Revenons donc à la Perle : « la fonction
primordiale d'une femme consiste à élever ses enfants. ». Et posons-nous la question : quelle est la fonction primordiale de l'Humain ? Nul ne le sait, et depuis que l'Homme pense,
c'est à dire depuis qu'il est Homme, il se pose la question. Devant cet abîme, et imprégnés de l'humilité qui ne peut que nous conduire à ne pas pouvoir donner une réponse définitive à ce qui
reste la première et la dernière question d'une vie honnête, on ne peut que penser que devant notre incapacité à y répondre et quelle que soit cette réponse – destinée évolutive et historique
commencée dans un amas de matière ou dessein divin – notre seul devoir, qu'il s'inscrive donc dans l'Histoire ou dans la réalisation d'une volonté qui nous dépasse, est bien de nous reproduire.

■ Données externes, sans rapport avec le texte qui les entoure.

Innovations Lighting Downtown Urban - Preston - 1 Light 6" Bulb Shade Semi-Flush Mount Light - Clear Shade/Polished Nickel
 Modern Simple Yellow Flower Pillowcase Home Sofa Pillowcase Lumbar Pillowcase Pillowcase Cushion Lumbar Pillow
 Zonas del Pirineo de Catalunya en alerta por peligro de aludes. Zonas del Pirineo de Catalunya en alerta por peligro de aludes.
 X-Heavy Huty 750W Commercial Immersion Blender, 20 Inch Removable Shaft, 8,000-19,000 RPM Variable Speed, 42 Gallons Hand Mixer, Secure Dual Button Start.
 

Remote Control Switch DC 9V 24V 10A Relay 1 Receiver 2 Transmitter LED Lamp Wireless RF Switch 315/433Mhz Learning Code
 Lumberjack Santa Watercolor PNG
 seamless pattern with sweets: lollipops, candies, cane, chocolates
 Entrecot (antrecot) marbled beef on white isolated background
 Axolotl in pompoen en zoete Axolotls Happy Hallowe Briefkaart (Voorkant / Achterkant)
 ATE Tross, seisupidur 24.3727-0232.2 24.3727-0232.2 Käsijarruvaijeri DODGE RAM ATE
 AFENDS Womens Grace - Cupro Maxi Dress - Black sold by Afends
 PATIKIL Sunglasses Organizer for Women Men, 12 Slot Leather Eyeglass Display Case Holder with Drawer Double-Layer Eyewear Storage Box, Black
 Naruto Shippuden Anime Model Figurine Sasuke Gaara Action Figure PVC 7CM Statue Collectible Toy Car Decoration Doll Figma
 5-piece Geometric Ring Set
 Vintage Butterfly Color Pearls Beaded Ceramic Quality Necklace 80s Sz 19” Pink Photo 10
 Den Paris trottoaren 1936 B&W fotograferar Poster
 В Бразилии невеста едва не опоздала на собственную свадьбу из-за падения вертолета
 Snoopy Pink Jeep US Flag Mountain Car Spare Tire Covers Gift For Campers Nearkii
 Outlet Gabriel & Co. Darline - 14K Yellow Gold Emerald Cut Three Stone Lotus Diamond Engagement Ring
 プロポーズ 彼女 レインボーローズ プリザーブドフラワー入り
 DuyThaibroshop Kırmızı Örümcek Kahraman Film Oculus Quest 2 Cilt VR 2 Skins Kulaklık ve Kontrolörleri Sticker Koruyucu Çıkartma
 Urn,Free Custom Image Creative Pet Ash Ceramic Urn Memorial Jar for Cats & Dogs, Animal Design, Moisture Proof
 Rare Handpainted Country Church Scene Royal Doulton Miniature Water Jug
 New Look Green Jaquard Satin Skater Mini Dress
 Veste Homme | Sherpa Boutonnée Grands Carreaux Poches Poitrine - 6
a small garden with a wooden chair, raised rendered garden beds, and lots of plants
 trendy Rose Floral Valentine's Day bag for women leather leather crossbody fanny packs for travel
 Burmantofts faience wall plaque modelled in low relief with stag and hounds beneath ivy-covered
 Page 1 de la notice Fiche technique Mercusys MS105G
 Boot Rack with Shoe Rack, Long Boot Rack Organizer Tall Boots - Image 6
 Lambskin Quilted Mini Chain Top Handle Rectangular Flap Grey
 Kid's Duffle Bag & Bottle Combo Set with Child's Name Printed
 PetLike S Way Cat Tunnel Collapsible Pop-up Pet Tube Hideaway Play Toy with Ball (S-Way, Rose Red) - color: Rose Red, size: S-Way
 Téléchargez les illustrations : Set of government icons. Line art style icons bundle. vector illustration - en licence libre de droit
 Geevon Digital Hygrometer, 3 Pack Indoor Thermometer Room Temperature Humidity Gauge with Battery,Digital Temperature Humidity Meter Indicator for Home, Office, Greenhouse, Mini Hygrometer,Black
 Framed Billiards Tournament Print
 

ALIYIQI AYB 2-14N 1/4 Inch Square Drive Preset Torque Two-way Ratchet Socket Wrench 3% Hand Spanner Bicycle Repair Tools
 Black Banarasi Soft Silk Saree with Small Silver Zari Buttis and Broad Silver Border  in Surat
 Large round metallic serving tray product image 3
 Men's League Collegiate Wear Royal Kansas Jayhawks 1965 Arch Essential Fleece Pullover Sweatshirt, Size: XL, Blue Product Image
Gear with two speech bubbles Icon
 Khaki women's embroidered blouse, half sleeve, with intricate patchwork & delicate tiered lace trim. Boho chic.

Mais pas n'importe comment : nous reproduire en implémentant à chaque génération un petit plus, une plus-value pourrait-on presque dire, qui serait le fruit de l'expérience de chacun qu'il aura
transmis à sa descendance. Entendons-nous bien : non pas l'expérience puisque celle-ci meurt avec nous, mais son fruit, son essence, le pas de plus qu'elle nous a permis de faire. Voilà donc la
fonction primordiale de l'humain ! Pierre par pierre continuer l'œuvre commencée : s'améliorer
lui-même, se reproduire puisqu'il est mortel, et donner les clés. Voilà ce qui, sur son lit de mort, devrait apaiser celui qui s'en va : le sentiment
d'avoir, son devoir accompli par ses propres réalisations, passé le flambeau à d'autres qui pourront le mener plus loin encore. Il faut Faire et Transmettre. Chacun doit Faire, en fonction de ce
qui lui a été transmis - c'est le sens de la parabole des talents – et la femme n'est pas exempte de ce devoir-là. Elle participe de l'avancée du monde, et les luttes des premières féministes qui
réclamaient que leur soit donnés les outils pour leur permettre cette participation étaient légitimes, aussi bien au regard d'une vision matérialiste que spirituelle de l'humanité. Et chacun doit
Transmettre - au risque de n'avoir fait que pour le néant - et l'homme n'est pas exempt de ce devoir-là. Mais avant de transmettre il faut modeler l'adulte en devenir, préparer le réceptacle du
savoir, le rendre capable de cette réception. Un enfant non éduqué ne pourra ni avancer ni transmettre à son tour. Il ne pourra réaliser sa fonction fondamentale d'Humain et fera régresser
l'humanité toute entière. Élever un enfant c'est permettre à l'humain qu'il est de devenir
lui-même dans toutes ses potentialités. N'est-ce donc pas bien une fonction fondamentale de toute société ? Celui qui l'endosse n'est pas relégué dans
l'obscurité d'un monde révolu. Il est au contraire l'éclaireur, celui qui éclaire ceux qui un jour seront devant. Ce rôle-là, Hani Ramadan, à la suite de nombreuses civilisations, le donne aux
femmes. Nous devrions en être honorées.